But not twenty miles away, where Hood's Canal makes its great bend, is Union City, under the management of the Oregon Improvement Company. This is not a new town, having had an existence for several years, but its pretensions are similar to those of Detroit. The Port Townsend and Southern will come here without doubt, and the Union Pacific also. Lots are selling at from one hundred to one thousand dollars. If you demur to the latter price for lots lately carved out of the forest, you will be told that it has cost something to do the carving, and that you get certain improvements in addition which you have no right to expect in a new country, all of which is true.

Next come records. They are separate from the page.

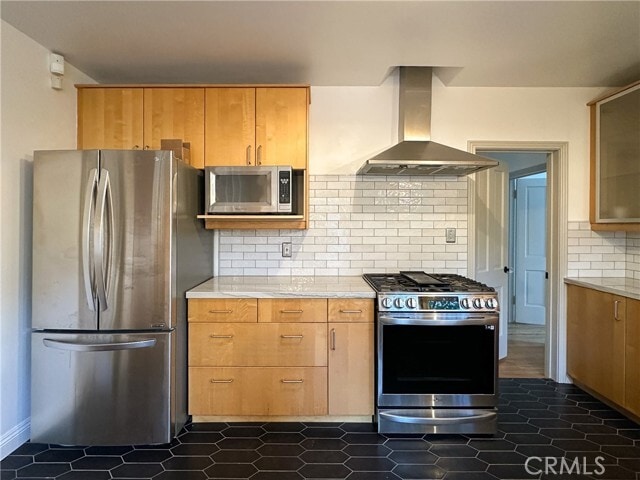 Foto del edificio - 2315 N Flower St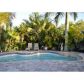 474 SW 169th Ter, Fort Lauderdale, FL 33326 ID:13929350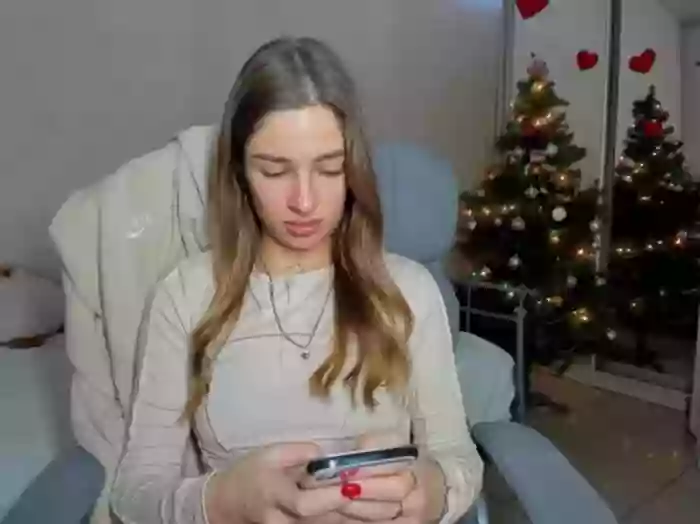 Garzia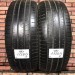 235/60/18 PIRELLI SCORPION VERDE Летние бу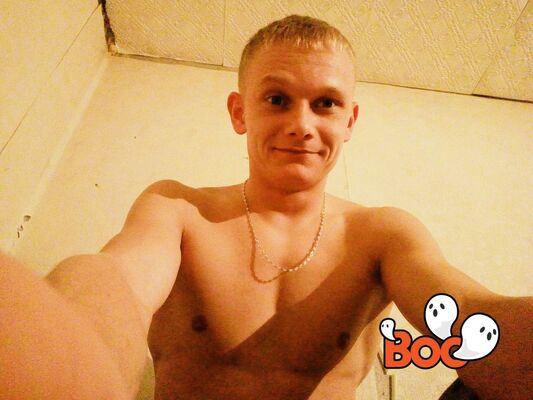  ,   , 30 ,   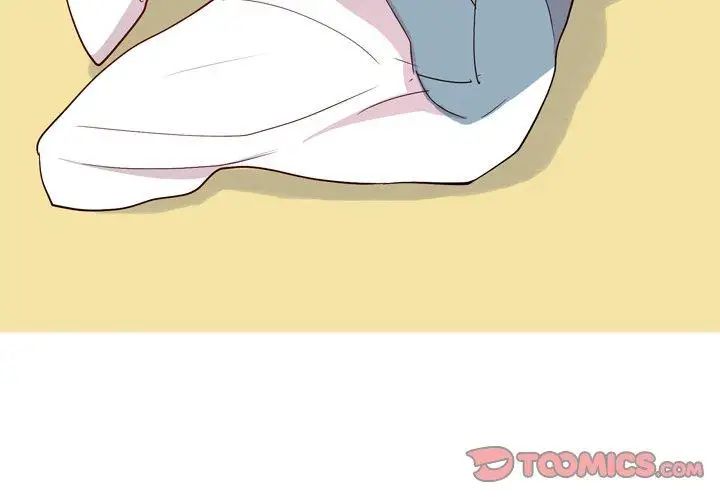 戀愛前奏曲：歸來第30話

Then, again, there is Puget City, situated a little more than half-way from Tacoma to Olympia in a straight line, on the east shore of the Sound. It is advertised by the Puget City Company as possessing a beautiful situation, besides which no commerce from any of the seven inlets at the head of Puget Sound can reach the lower Sound "without passing before this rising young metropolis." Its "unexcelled deep water facilities and the railroads, Union and Northern Pacific," are among its advantages; and "the song of the saw-mill is heard all day long," building being active.

And here is Des Moines, twelve miles from Tacoma, and about an equal distance from Seattle. It was laid out in 1889 by the Des Moines Improvement Company, of Tacoma, who erected a saw-mill, the output of which, twenty thousand feet per diem, was applied to the erection of business houses and residences. A brick-yard, a pottery-factory, shingle-mill, and other industries were at once inaugurated, and the work went bravely on until the company's means were exhausted. Now, I understand, the population, which consisted principally of the company's employees, is daily diminishing, and that those who remain are in want.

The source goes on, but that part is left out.